Kathy Rich found her lump in 1988 when she  was 32, and working as an editor at GQ. (She had been recruited by Cooper from her slot as a respected Seventeen editor.) In Red Devil, she describes several interactions with Art Cooper. In her book, she refers to him only as “the editor."

While recovering from treatments, she noticed that the editor was quietly, constantly excluding and ignoring her. She saw the editor collecting other senior staff editors for lunch. Her proposals went unanswered. A writer she pursued for the magazine was given to another editor. She was being treated as an un-person.

After  months of virtually no conversation between Rich and the editor, Cooper summoned her for a performance review. This is what Rich wrote.

“Sit down,” he said gruffly. He didn’t look like a man who wanted to talk. He looked like a man who was under orders from Personnel to deliver the corporate report cards.
“I don’t know what to say to you,” he began. “I can’t review your work. You haven’t done much this year. I haven’t wanted to give you things to do. Partly for humanitarian reasons. But partly because I wanted to be sure that they got done.”
But they would have, I assured him. And you can begin now, I said. Smiling, he said he would. “You know,” he chortled. “I really felt bad for you. No one here wanted anything to do with you because you reminded them they could die.”
This encounter shook her because, she wrote, “the editor had fired people for lighter infractions than being walking reminders of death.”

In 1992, the other shoe dropped.

“Close the door,” he said, glancing up from a manuscript. “Have you spoken with Personnel?”
I had. They were giving me an extra month to look. But they weren’t giving me any reason.
“Why am I being fired?” I asked.
“I don’t know,” the editor said, looking at me hard. “Why do you think?”
I shrugged to signal that if he didn’t know, neither did I.
“Do you realize that by firing me, you could be leaving me without insurance?” I asked. I wanted this to be spelled out
He nodded.
“Do you realize that if my cancer came back, it could bankrupt me and my whole family?”
He nodded again.
“And you don’t care?”
He shook his head slowly. No.
What more was there to say? I was out first of the year. . .
In early Spring, a former colleague called. The editor had submitted two of my pieces with a third and had gotten his first National Magazine Award nomination.

Let’s not be too quick to venerate our editors.

Magazine publishing really is just a small town, populated by cannibals. It attracts careerists, narcissists and other self-important sorts. 

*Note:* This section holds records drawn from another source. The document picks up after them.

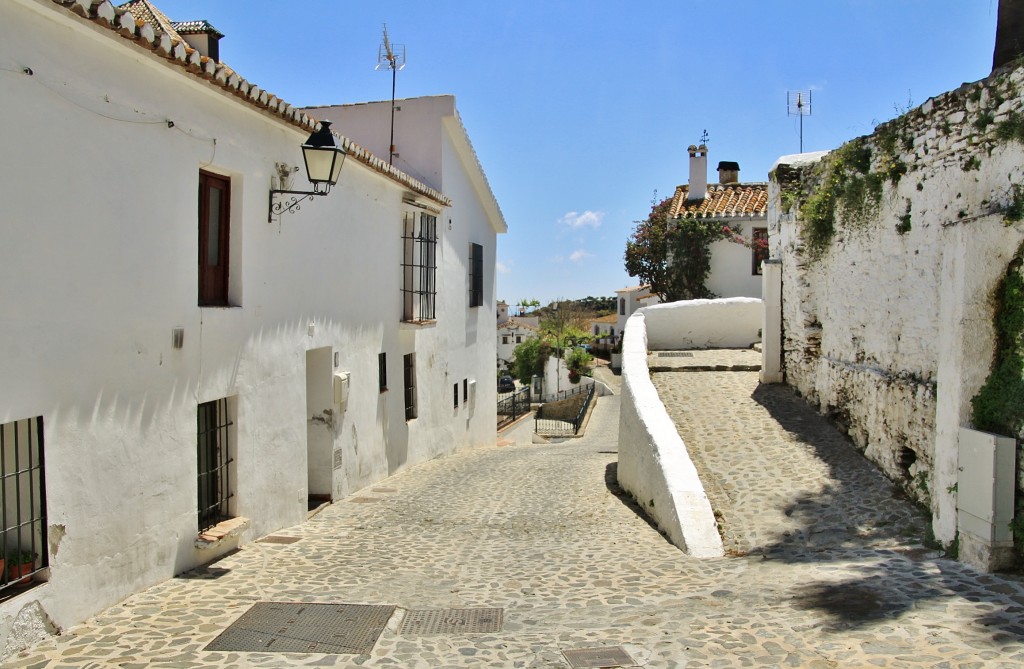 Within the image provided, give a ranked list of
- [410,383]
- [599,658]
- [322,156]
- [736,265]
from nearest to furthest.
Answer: [599,658] < [322,156] < [410,383] < [736,265]

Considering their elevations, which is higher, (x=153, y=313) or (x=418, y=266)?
(x=418, y=266)

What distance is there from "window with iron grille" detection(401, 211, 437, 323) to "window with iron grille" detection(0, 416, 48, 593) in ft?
26.1

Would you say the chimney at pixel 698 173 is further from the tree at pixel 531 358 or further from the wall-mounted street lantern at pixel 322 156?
the tree at pixel 531 358

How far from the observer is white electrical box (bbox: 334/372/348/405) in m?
9.98

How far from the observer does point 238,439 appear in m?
7.55

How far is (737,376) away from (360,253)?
22.7 feet

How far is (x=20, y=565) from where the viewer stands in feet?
15.8

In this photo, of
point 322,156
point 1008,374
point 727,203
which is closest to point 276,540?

After its heartfelt homage to Cooper, the Times article ends with Adam Sachs’s experience
". . . he was a senior staff writer at GQ before Mr. Cooper “strongly encouraged” him to leave the magazine. That prompted him to become a freelance food and travel writer.
“It certainly hurt my feelings at the time,’” Mr. Sachs said. “But it was probably a good kick in the rear. Maybe Art knew what he was doing, or it was a happy accident that set me on a path.’”

Yeah! Right! Tough love! 

Was it that Cooper was so busy grooming his future fellow elite that he didn’t have time to ease the afflicted; that he didn’t have time to acknowledge the talent, worth and humanity of someone who wanted to contribute and wanted out of the isolation; that he didn’t have time to set a good example for his staff — the future editors of America?

He had the time. He didn’t have the empathy. He didn’t have the soul.